» Exercise goal: Each line of the data must reappear exactly in your answer, with no images included.

##### The input

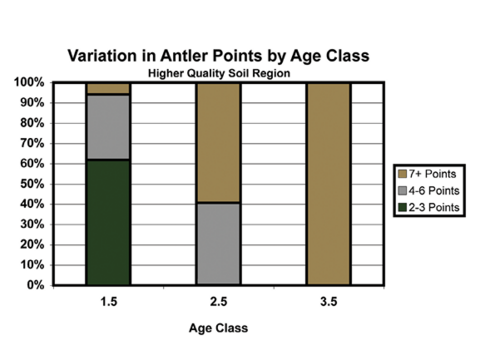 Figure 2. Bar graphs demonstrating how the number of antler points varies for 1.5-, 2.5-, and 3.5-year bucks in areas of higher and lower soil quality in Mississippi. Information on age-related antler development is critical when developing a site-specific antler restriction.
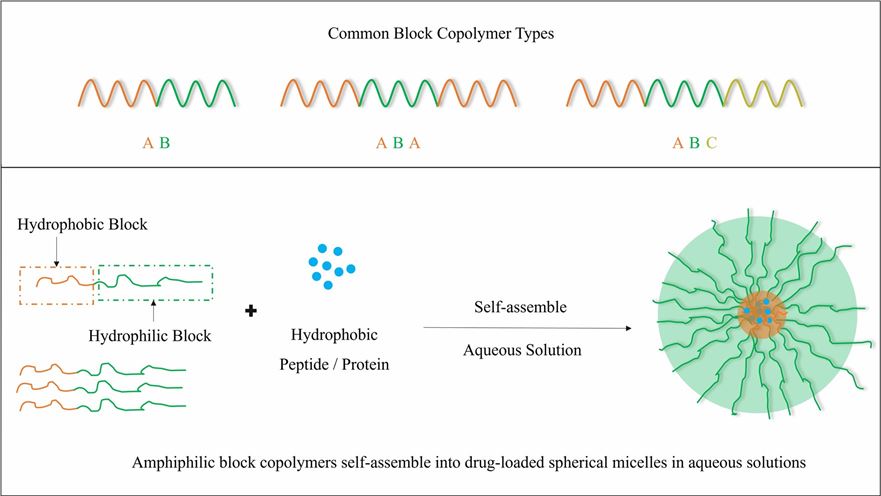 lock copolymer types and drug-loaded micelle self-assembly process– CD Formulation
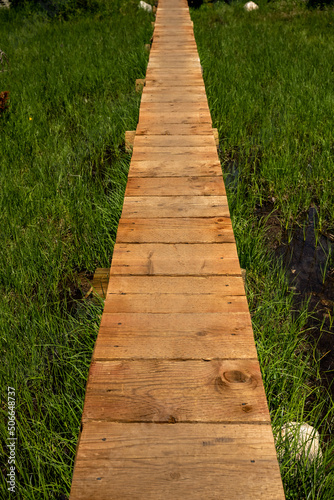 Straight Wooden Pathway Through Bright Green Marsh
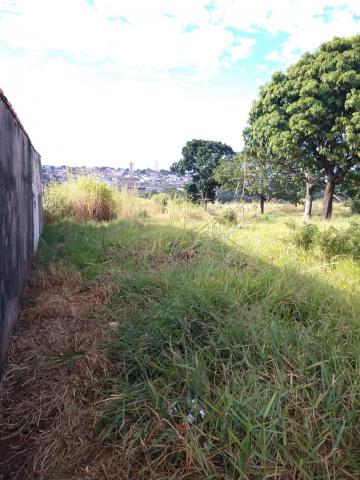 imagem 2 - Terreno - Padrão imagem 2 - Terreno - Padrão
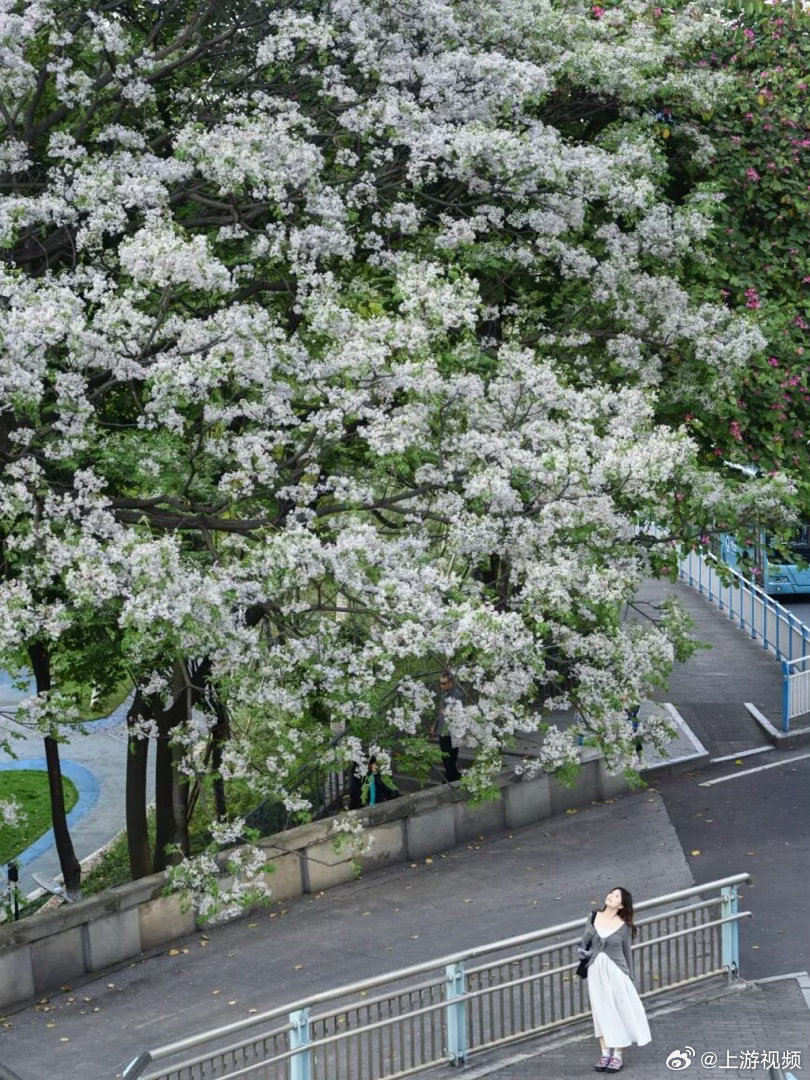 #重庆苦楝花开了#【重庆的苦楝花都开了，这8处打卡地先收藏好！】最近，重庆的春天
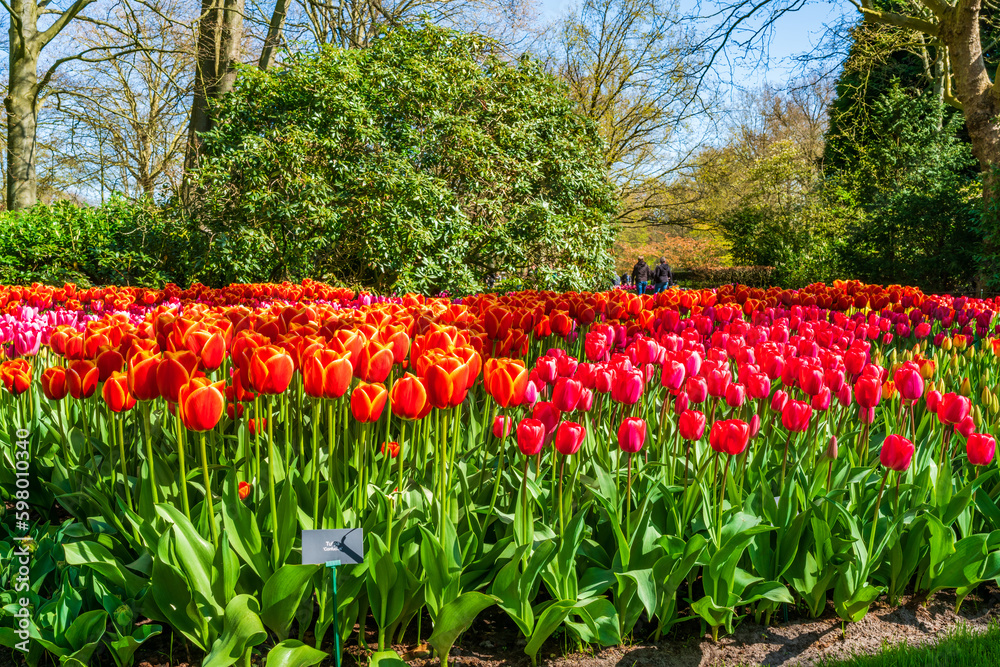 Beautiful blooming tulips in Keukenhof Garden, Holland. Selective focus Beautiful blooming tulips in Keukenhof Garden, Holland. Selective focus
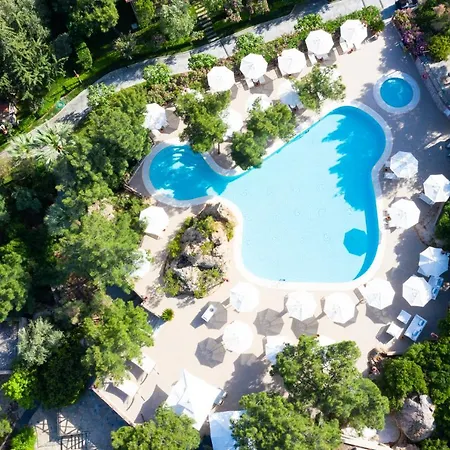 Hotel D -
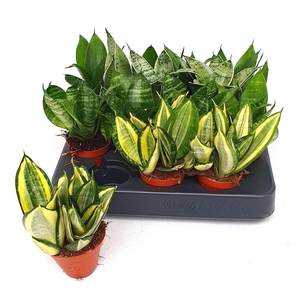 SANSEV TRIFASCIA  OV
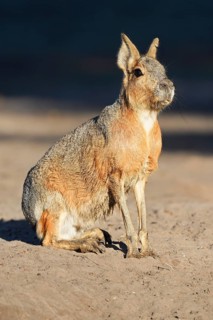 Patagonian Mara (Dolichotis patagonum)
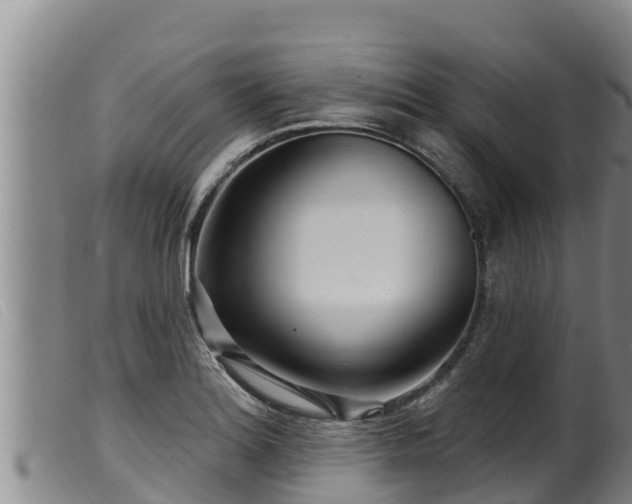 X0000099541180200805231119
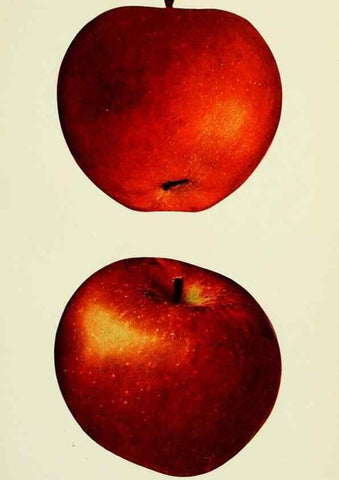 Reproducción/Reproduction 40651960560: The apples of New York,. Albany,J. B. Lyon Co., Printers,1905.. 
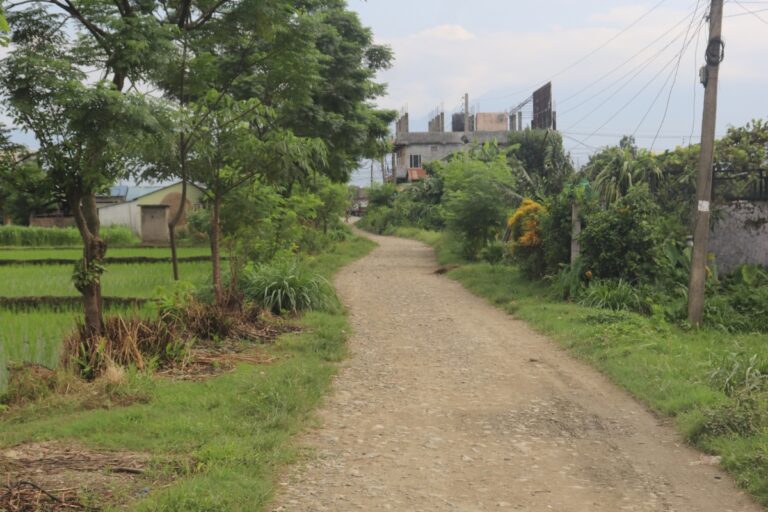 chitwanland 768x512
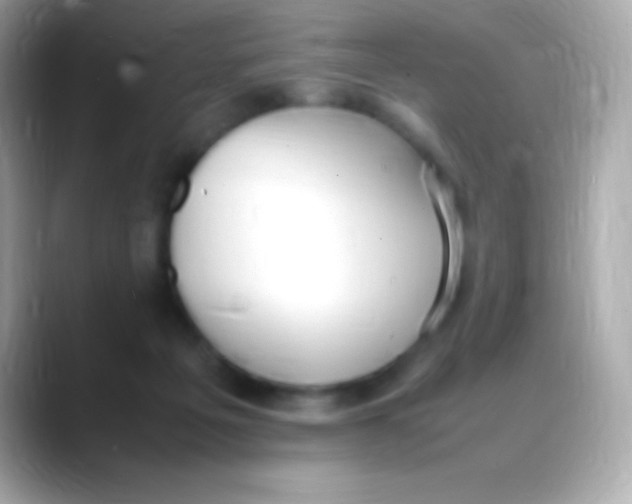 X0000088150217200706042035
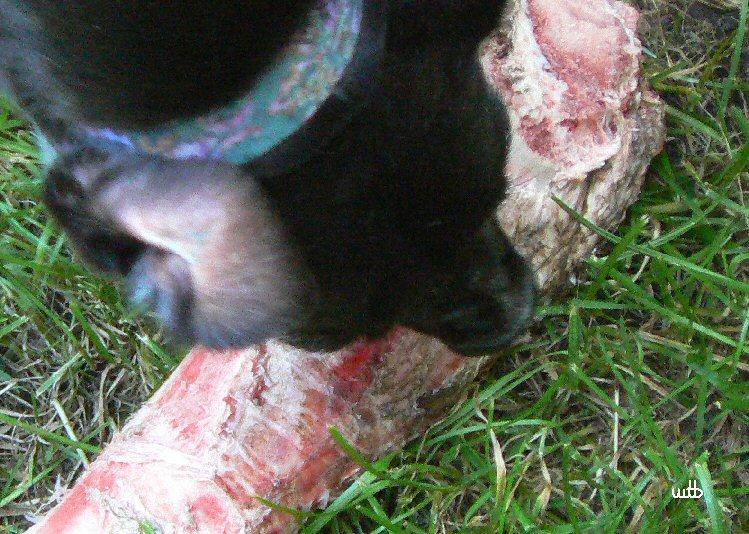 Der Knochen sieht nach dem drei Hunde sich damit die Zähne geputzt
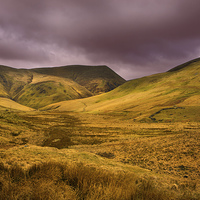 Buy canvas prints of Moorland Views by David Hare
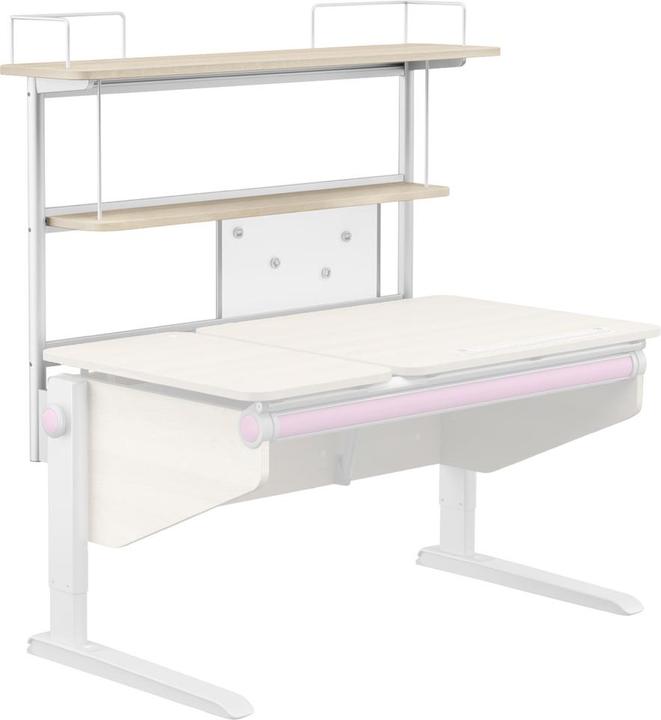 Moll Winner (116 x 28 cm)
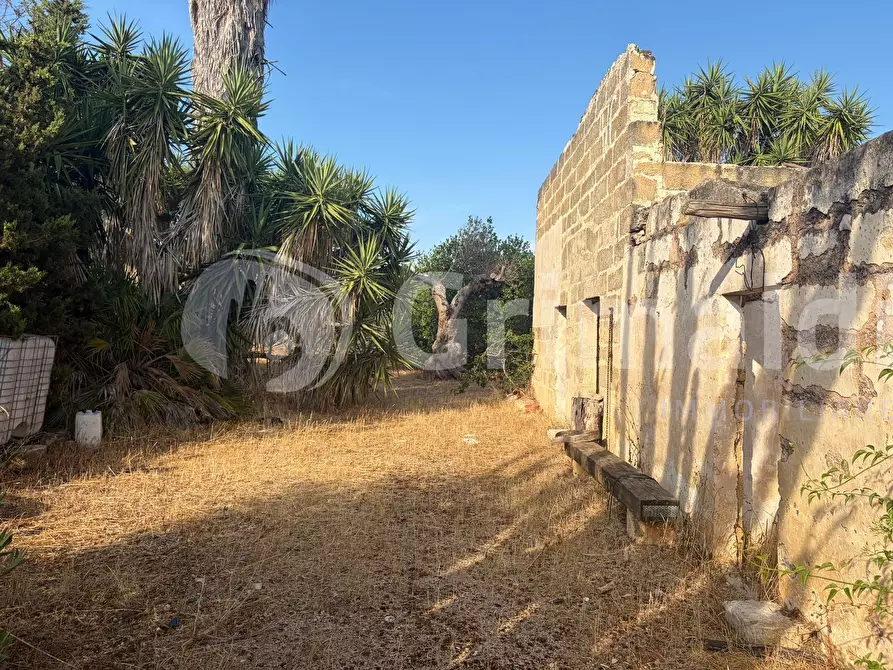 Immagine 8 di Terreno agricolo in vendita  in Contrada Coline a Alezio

##########

» Solved problem:
 Figure 2. Bar graphs demonstrating how the number of antler points varies for 1.5-, 2.5-, and 3.5-year bucks in areas of higher and lower soil quality in Mississippi. Information on age-related antler development is critical when developing a site-specific antler restriction.
 lock copolymer types and drug-loaded micelle self-assembly process– CD Formulation
 Straight Wooden Pathway Through Bright Green Marsh
 imagem 2 - Terreno - Padrão imagem 2 - Terreno - Padrão
 #重庆苦楝花开了#【重庆的苦楝花都开了，这8处打卡地先收藏好！】最近，重庆的春天
 Beautiful blooming tulips in Keukenhof Garden, Holland. Selective focus Beautiful blooming tulips in Keukenhof Garden, Holland. Selective focus
 Hotel D -
 SANSEV TRIFASCIA  OV
 Patagonian Mara (Dolichotis patagonum)
 X0000099541180200805231119
 Reproducción/Reproduction 40651960560: The apples of New York,. Albany,J. B. Lyon Co., Printers,1905.. 
 chitwanland 768x512
 X0000088150217200706042035
 Der Knochen sieht nach dem drei Hunde sich damit die Zähne geputzt
 Buy canvas prints of Moorland Views by David Hare
 Moll Winner (116 x 28 cm)
 Immagine 8 di Terreno agricolo in vendita  in Contrada Coline a Alezio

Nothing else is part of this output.